RECORDS TO USE -
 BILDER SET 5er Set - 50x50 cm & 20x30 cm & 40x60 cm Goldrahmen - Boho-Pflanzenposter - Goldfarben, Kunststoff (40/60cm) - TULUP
==
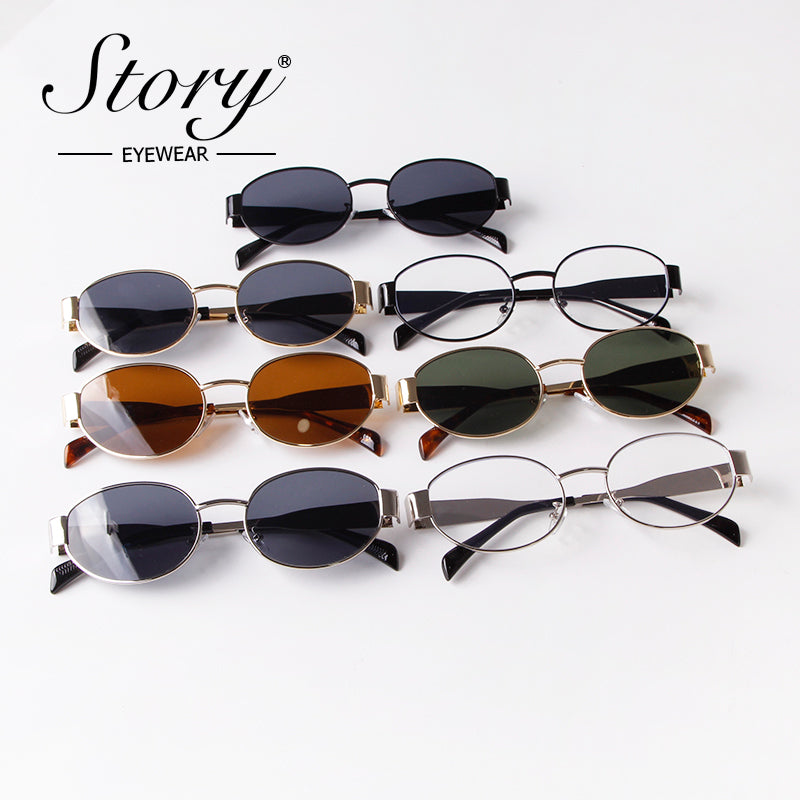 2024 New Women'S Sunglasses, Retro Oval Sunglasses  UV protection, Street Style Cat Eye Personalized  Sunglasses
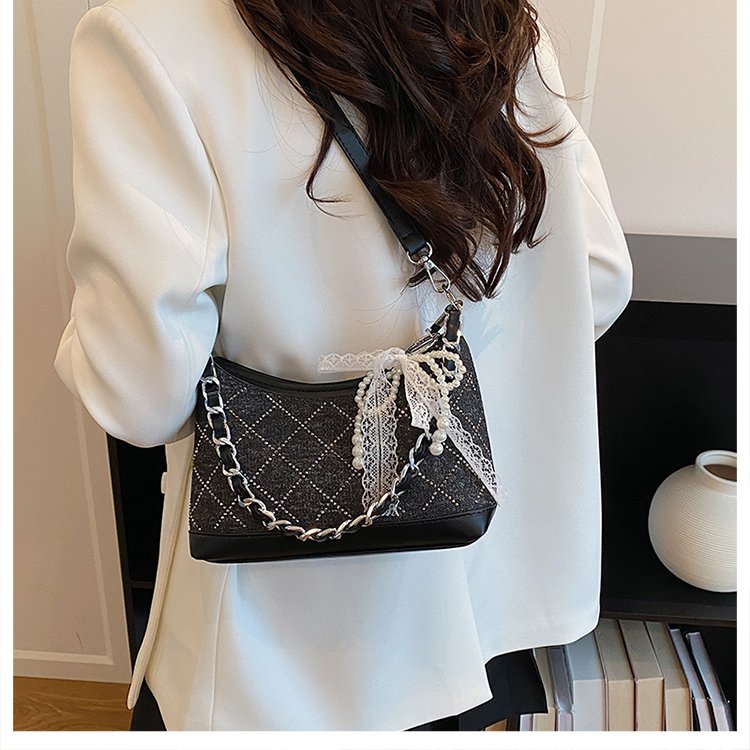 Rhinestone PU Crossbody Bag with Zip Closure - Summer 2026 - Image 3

ACTIVITY - Above are some entries; copy exactly the lines from the line with "2024 New Women'S" through the line with "Rhinestone PU Crossbody", both included, but none of the pictures.

TASK OUTPUT -
 2024 New Women'S Sunglasses, Retro Oval Sunglasses  UV protection, Street Style Cat Eye Personalized  Sunglasses
 Rhinestone PU Crossbody Bag with Zip Closure - Summer 2026 - Image 3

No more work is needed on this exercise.